* _Directions for this task_: The answer must be only the lines below from the one holding "9671508280 6500KG Car" down to the one holding "Tribal Quinn Wide", ends included, printed exactly; please omit all pictures.

* _Material shown_:
* * * * * * * * *
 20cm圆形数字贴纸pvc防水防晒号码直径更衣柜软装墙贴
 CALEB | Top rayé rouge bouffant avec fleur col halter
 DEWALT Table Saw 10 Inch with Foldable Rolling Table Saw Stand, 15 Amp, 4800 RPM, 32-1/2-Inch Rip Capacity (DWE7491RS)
* * * * * * * * *
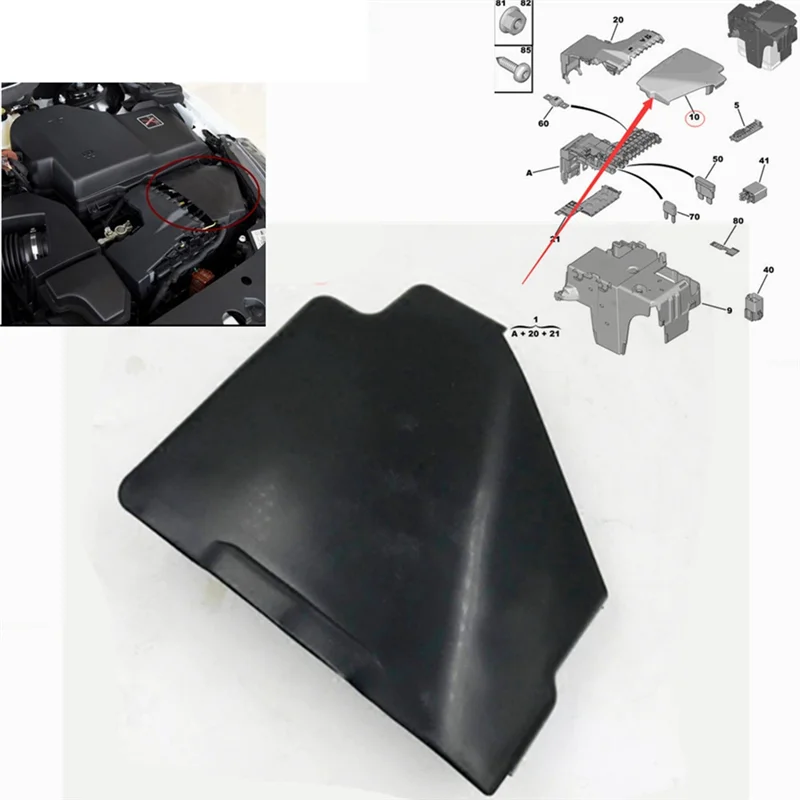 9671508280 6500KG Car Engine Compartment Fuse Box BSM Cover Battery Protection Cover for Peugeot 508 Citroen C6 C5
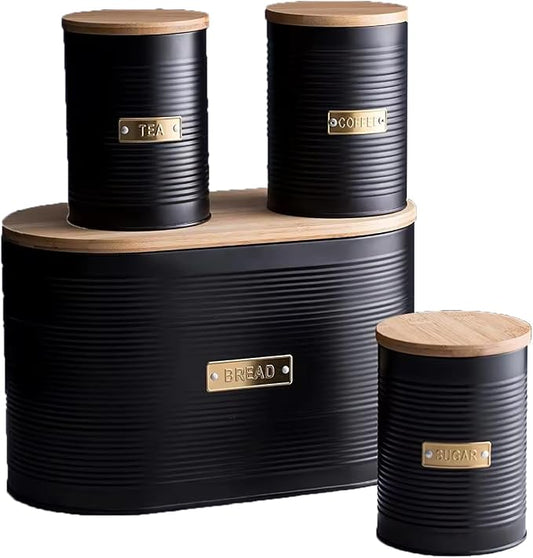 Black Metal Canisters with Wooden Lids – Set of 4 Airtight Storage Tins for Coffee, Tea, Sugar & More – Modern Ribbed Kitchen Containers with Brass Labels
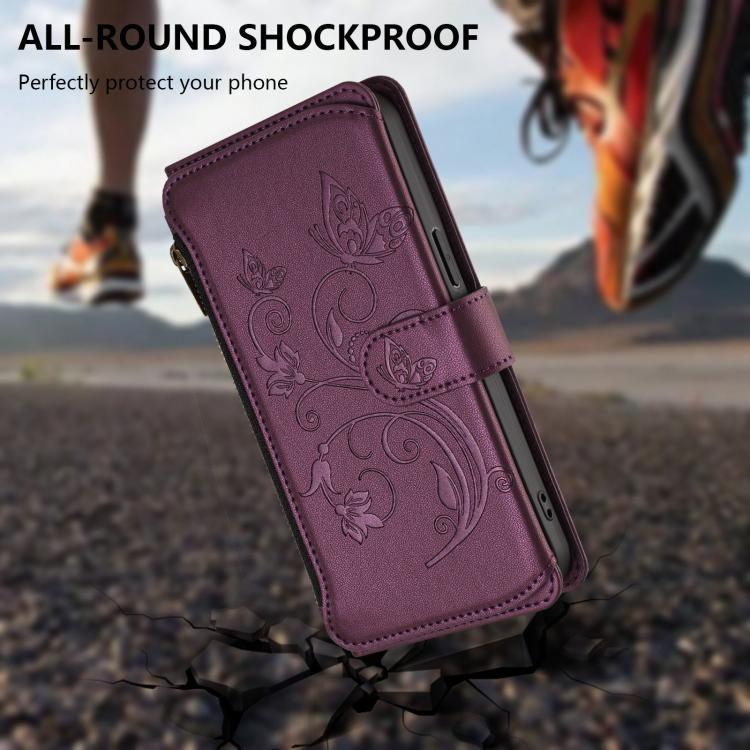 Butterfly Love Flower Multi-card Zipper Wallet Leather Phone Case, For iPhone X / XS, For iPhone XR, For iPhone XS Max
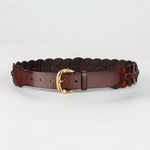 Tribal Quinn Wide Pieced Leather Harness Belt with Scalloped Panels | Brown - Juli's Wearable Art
* * * * * * * * *
* _Answer space_:
 9671508280 6500KG Car Engine Compartment Fuse Box BSM Cover Battery Protection Cover for Peugeot 508 Citroen C6 C5
 Black Metal Canisters with Wooden Lids – Set of 4 Airtight Storage Tins for Coffee, Tea, Sugar & More – Modern Ribbed Kitchen Containers with Brass Labels
 Butterfly Love Flower Multi-card Zipper Wallet Leather Phone Case, For iPhone X / XS, For iPhone XR, For iPhone XS Max
 Tribal Quinn Wide Pieced Leather Harness Belt with Scalloped Panels | Brown - Juli's Wearable Art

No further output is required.